7. DELIVERY AND RISK IN THE GOODS (a) We will use our best endeavours to comply with our quoted delivery date but we will not be liable for any loss, damage, injury or expense, either direct or indirect and including but not limited to loss of profit or liability to third parties, which may be suffered by the Buyer by reason of late delivery of the goods from whatsoever cause the late delivery may arise. (b) Although given in good faith the time for delivery mentioned in our quotation is intended as an estimate only and is not therefore to be treated as of the essence of the contract (c) The Buyer shall have no right to reject goods by reason of their being delivered other than at the quoted time. (d) Delivery in the UK shall be as follows: (1) Goods sold “ex-works” will be dispatched in accordance with the buyer’s instructions and the risk in such goods will pass to the Buyer from the time of loading at our works. (2) Goods sold “Delivered” will be dispatched by whatever means of transport we chose unless a specified method of transport has previously been agreed in writing. The risk in the goods will pass to the Buyer when they reach the destination named by the Buyer and before unloading. We will insure the goods for their full contract value against the risk of loss or damage in transit and the premium will be charged to the customer’s account. (e) Delivery overseas shall be by the appropriate method stated in our quotation, strictly interpreted in accordance with the definitions contained in INCOTERMS 1980, except that FOB shall mean FOB Liner Terms. (f) We shall not be liable for failure to deliver goods or to complete work or for failure to do so promptly if such failure arises due to force majeure or by reason of any delays occasioned by strikes, riots, lockouts or other labour trouble, war, fire, accident, mechanical failure, non-availability to us of supplied of stock, parts, or materials. delay in delivery’ to us of the goods or materials therefore by suppliers or other persons. Government action, legislation or regulation of any kind. Act of God, or any circumstances whatsoever outside our reasonable control and such delay or failure to deliver or to complete work on goods shall not affect the Buyer’s obligation to pay for goods already delivered and work already completed.

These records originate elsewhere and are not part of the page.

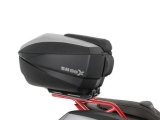 SHAD Top box SH59X Moto Guzzi V85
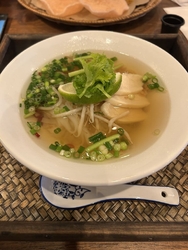 久しぶり再訪で...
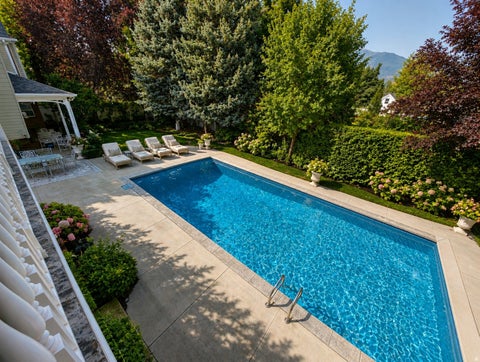 Tiny photo for 289 W BURTON LN S, Kaysville, UT 84037 (MLS # 2175652)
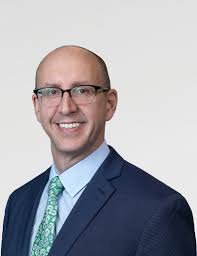 KR21030401_CR_Cross-Service_Virtual LP Event_engagement hub page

8. CANCELLATION The Buyer shall not be entitled to cancel the contract or any part thereof nor to require delay in its performance without our written consent which will only be given on terms which will indemnify us against all loss.
9. PACKING Where goods are sold packed the extent of packing and/or protection necessary will be at our discretion. Any special packing stipulated by the Buyer will be charged to the Buyer’s account Any goods sent unpacked at the Buyer’s request will be at the risk of the Buyer. All packing materials are non-returnable.

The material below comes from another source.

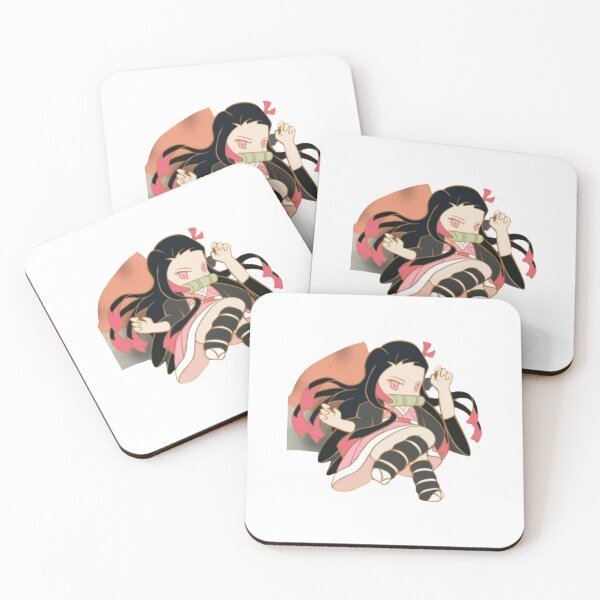 Item preview, anime manga hard enamelanime manga enamel designed and sold by WillisJW.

10. STORAGE If within fourteen days after we despatch our notification to the Buyer that goods sold Ex Works. FOB or FAS are ready the Buyer does not make arrangements for the collection or storage of the goods we shall be entitled to submit our sales invoice for payment and arrange storage either at our Works or elsewhere on the Buyer’s behalf and all charges for storage and or insurance shall be for the account of the Buyer
11. LOSS OR DAMAGE IN TRANSIT (a) We accept no liability for loss or damage in transit except in the case of goods sold ‘DELIVERED’ and in such case our responsibility will be limited to replacing or repairing the missing or damaged goods, or at our option, returning the purchase price. In any event no claim will be considered unless both the carriers and ourselves are notified in writing. (b) In the case of damaged goods notification must be received in writing within three days of receipt other than on any proof of delivery note; and in the case of non-delivery within 14 days after the date of despatch as notified by us.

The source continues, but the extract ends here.